▶ _EXERCISE AIM_: Transcribe only the stretch of lines that opens with the line containing "Go to the North Cape Plateau" and closes with the last line of the listing, skipping pictures.

▶ _DATA SHOWN_:
Segment Open

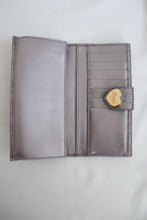 Load image into Gallery viewer, Gucci guccissima golden heart leather wallet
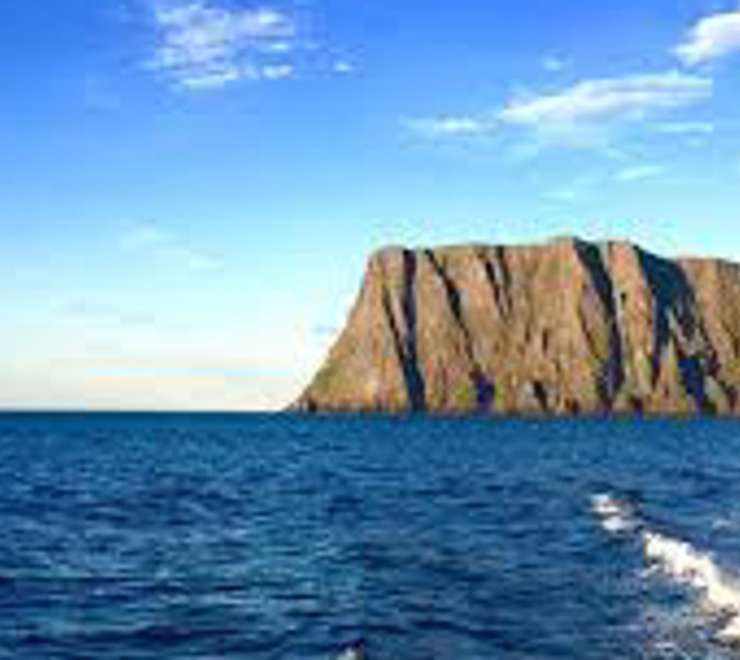 Go to the North Cape Plateau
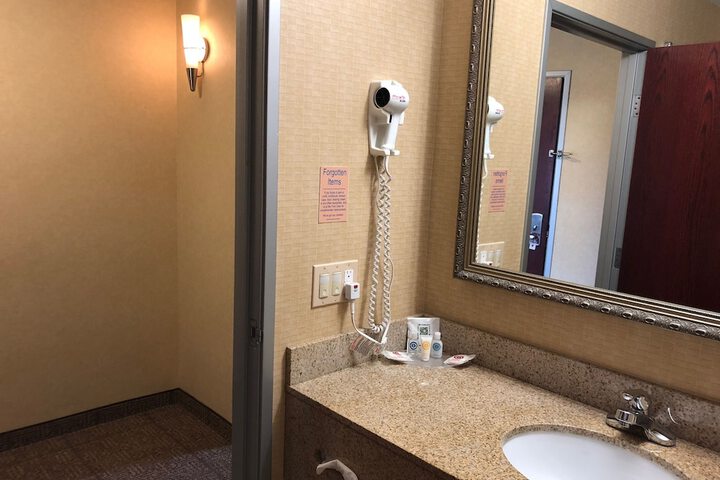 Room 47 of 69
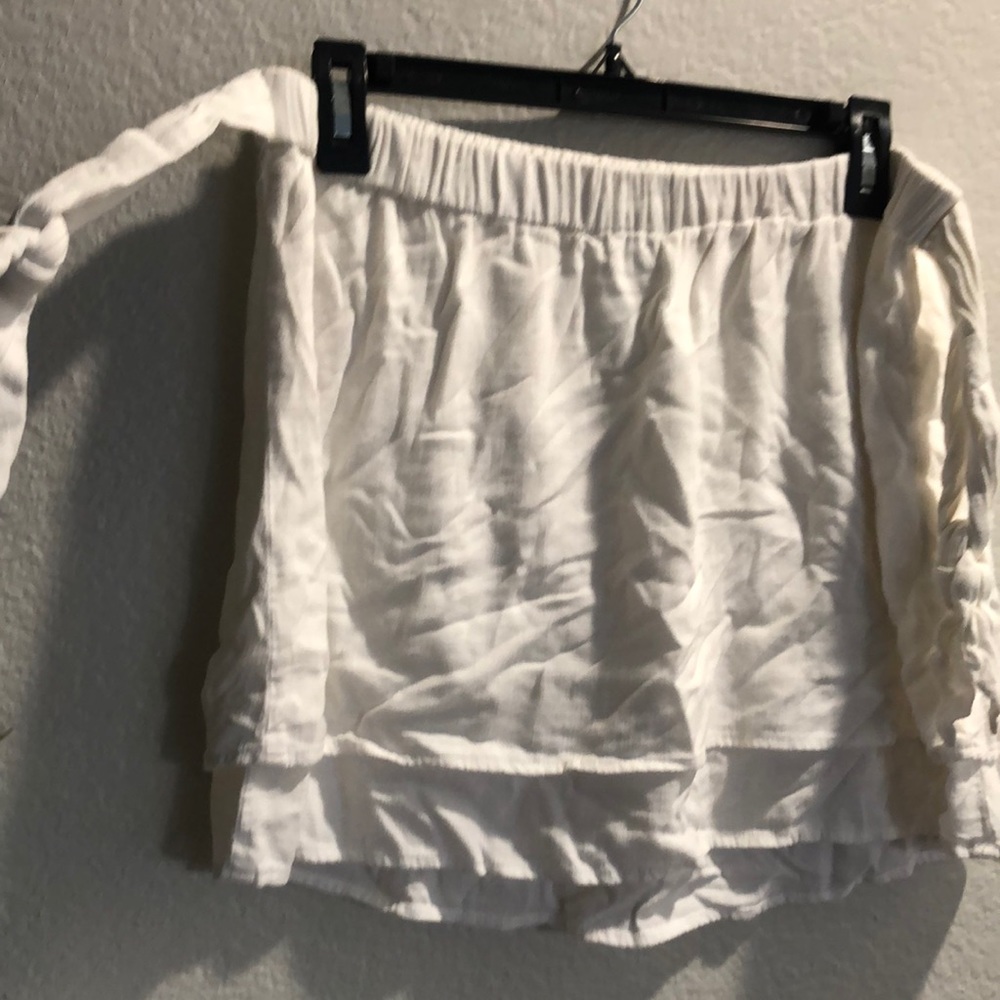 Splendid Off the shoulder top.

Segment Closed

▶ _YOUR RESPONSE_:
 Go to the North Cape Plateau
 Room 47 of 69
 Splendid Off the shoulder top.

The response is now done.